Fear it will compromise Eide Bailly investigation

PASO ROBLES — Paso Robles Joint Unified School District Board of Trustees settled in closed session Tuesday, Nov. 12, on three items to have an outside audit firm to investigate, but chose not to make them public.

After meeting behind closed doors for nearly two hours, Superintendent Curt Dubost said it was a tough decision for the board. 

“I can state unequivocally that it was the preference of the board to reveal these but we thought it was dumb not to follow the advice of the firm that we hired,” Dubost said. 

He explained the District’s counsel and representatives of Eide Bailly LLP, a highly respected regional certified public accounting firm, advised Trustees to hold the information back for now, fearing it could compromise their efforts.

“It is the advice of both the audit firm and the attorneys that we not through open session identify exactly what we are going to direct them to do,” Dubost tactfully said. “That only makes sense if you stop and think about it. … I hope you can understand at this point to say it is going to be this, this and this, would be a mistake.”

When voting 5-2 in September to use Eide Bailly, Trustees had said that the process would be done in the open.

“In full transparency, we went back and forth on this,” said Board President Joel Peterson. “This was fairly late developing news from the attorneys — this morning actually. We followed their lead.”

Although the final three were not made public, the District did make available a list of 18 possible Eide Bailly investigation items:

  • War Memorial Stadium scoreboard
  • Culinary Arts Academy
  • FEMA
  • Conflicts of interest
  • Measure M language
  • Aquatics Complex pool purchase
  • Hiring practices — cronyism/nepotism
  • Football broadcast process
  • Facilities Master Plan priorities
  • Measure M tranches
  • Missing synthetic turf at War Memorial
  • E-rate bids
  • Severance pay — Chris Williams (former superintendent)
  • Kickbacks from vendors
  • Donations — cash/in-kind
  • Spending for student success — unauthorized shift in allocations
  • ADA miscalculations
  • SLO County Office of Education oversight
  • Reimbursements for expenditures

The possible list came from recommendations received from District staff, community members and Trustees, Dubost said.

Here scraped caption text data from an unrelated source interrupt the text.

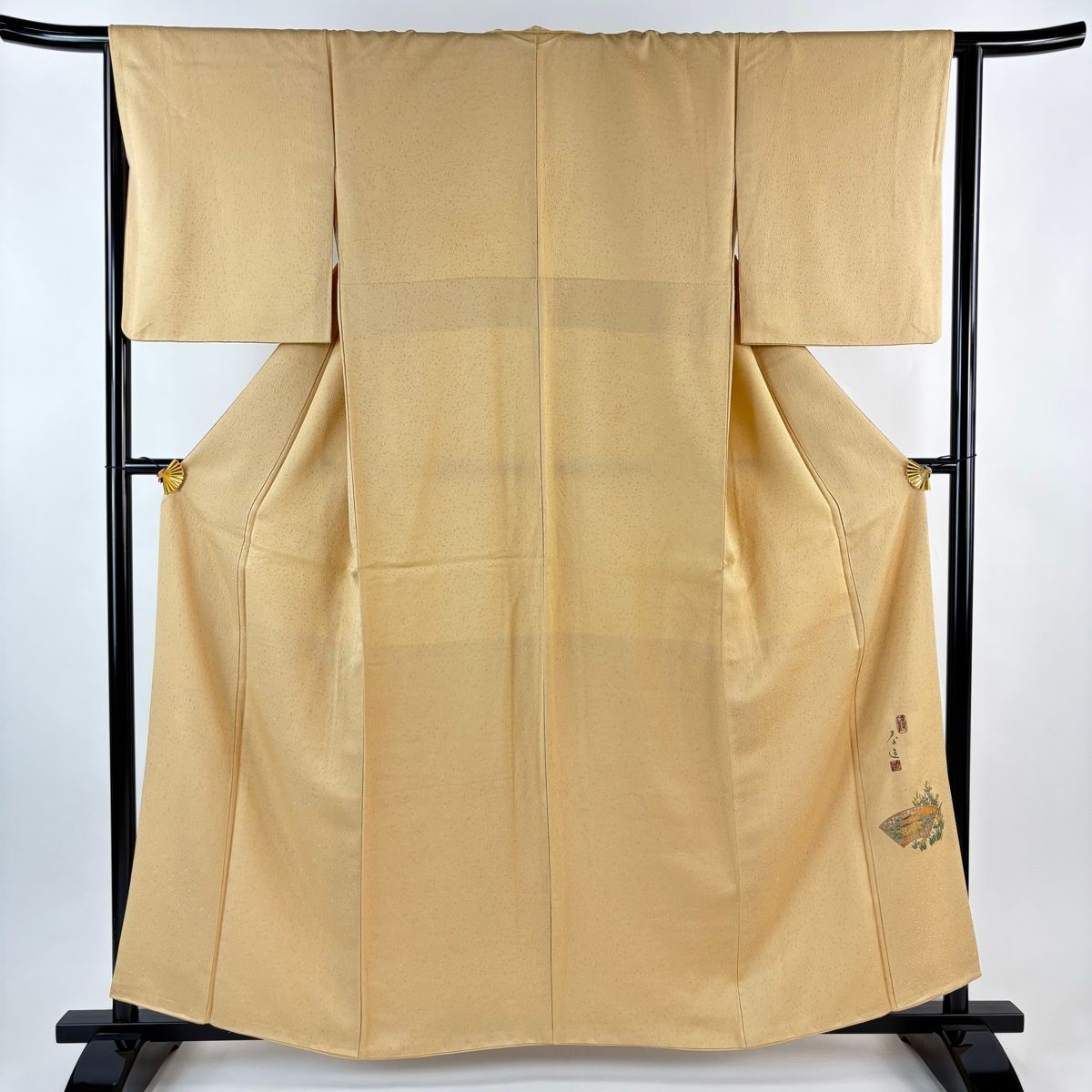 色留袖 身丈160 cm 裄丈64 5 M 袷 甲斐泰造 落款 地紋 薄オレンジ 正絹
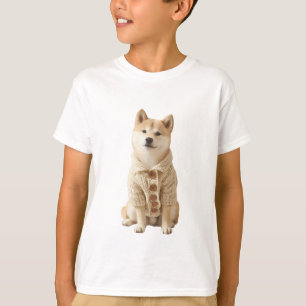 T-shirt Cardigan Boutonné Shiba Inu Enfants
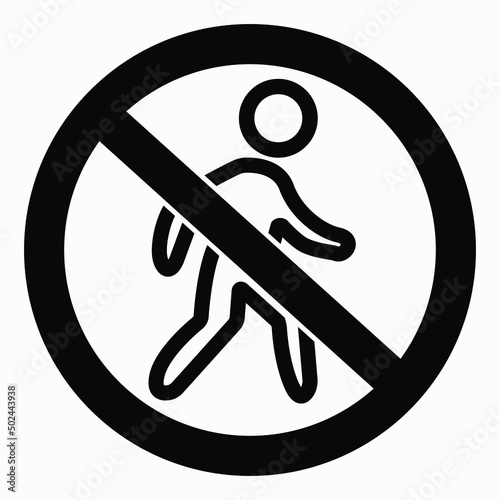 Icon do not walk. Movement Prohibition. Pedestrian to stand. Do not cross. Not to run. Walk carefully. Vector icon.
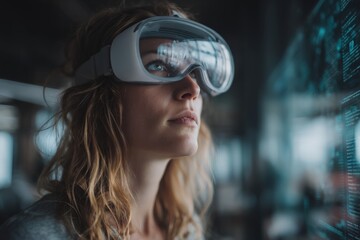 Poster - Woman engaged in virtual reality experience while observing digital interface in modern tech environment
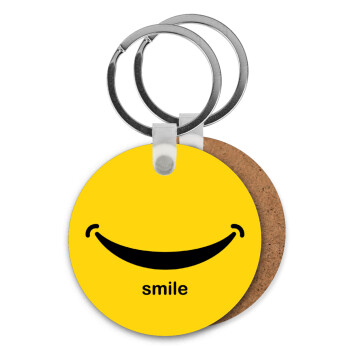 Smile!!!, Μπρελόκ Ξύλινο στρογγυλό MDF Φ5cm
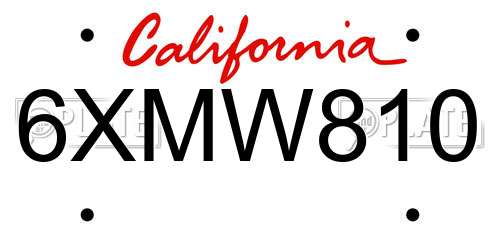 6XMW810 California License Plate
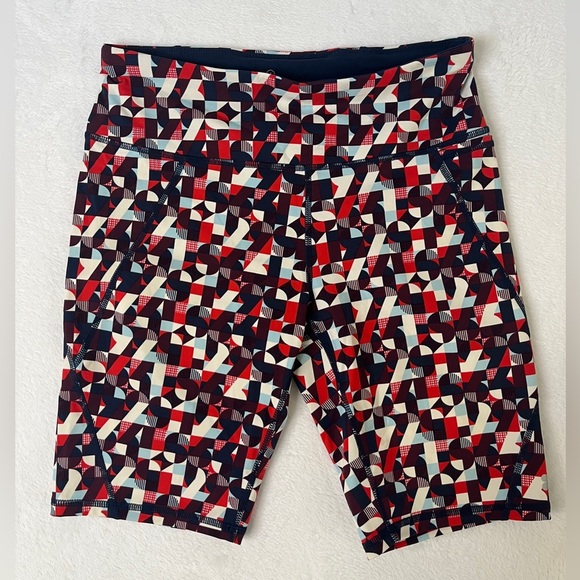 LOT OF 2 - Sweaty Betty Power 9" Biker Shorts Sz S 4/6 Green/Red Geo Maze Print - Picture 5 of 15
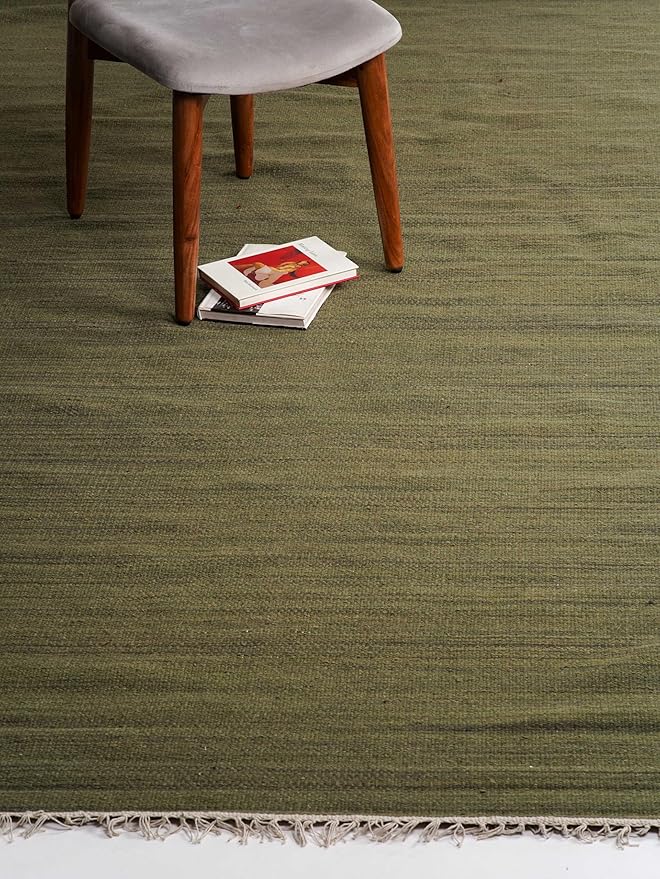 Rugsotic Carpets Hand Woven Flat Weave Kilim Wool ECO-Friendly Area Rugs - 5'x8', Rectangle Shape, Olive Color, Solid Plain Design, Low Pile Handmade Area Rugs for Living Room, Bed Room (D00111)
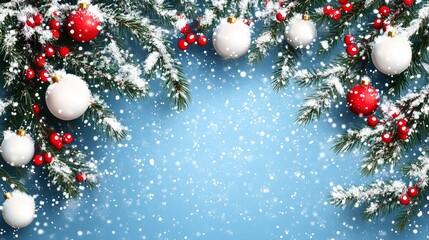 Christmas banner with fir branches and white and red decorations on blue background with snow. with generative ai
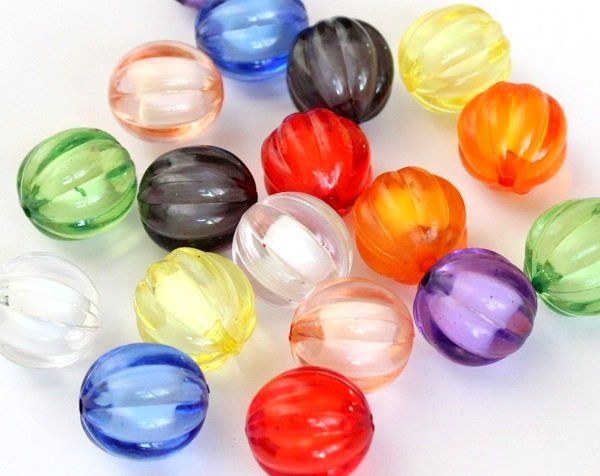 Perle (finte): Acrylperlen Mix, gerillt, 22mm, 10Stk. – Nuovo e nell'imballaggio originale da Schlatt TG venduto da kreativ-atelier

The Paso Robles school board agreed to spend up to $50,000 to have an outside non-audit investigation into the District’s finances and alleged fraud during Williams’ nearly five years as superintendent.

Since the District’s reserved dropped to .96 percent in September of 2018, people have been asking for answers to what happened during Williams’ tenure.

Williams abruptly resigned in early December of 2018.

School districts the size of Paso Robles are required to have a 3% reserve. The reserves have since been raised to 2.68%.

Over the past nine months the District, with Trustees’ approval, cut $2.1 million from the 2019-20 budget and still need to cut $800,000 from the 2020-21 budget.

District staff will now pass along the three items to Eide Bailly. It is not known how long the examination will take.

Trustee Chris Bausch said the public will know at some point specifically what the firm was investigating but doing so now could compromise the investigation.

“They will become available at some point,” Bausch said. “The items that were selected were agreed upon by the board. It was some give and take on those but that is what the board does, go back and forth. We build consensus and I am satisfied that we reached consensus earlier this evening.”

In other matters, Trustees approved a one-year contract with Paso Robles Public Educators and partial funding, $75,802, for a second school resource officer.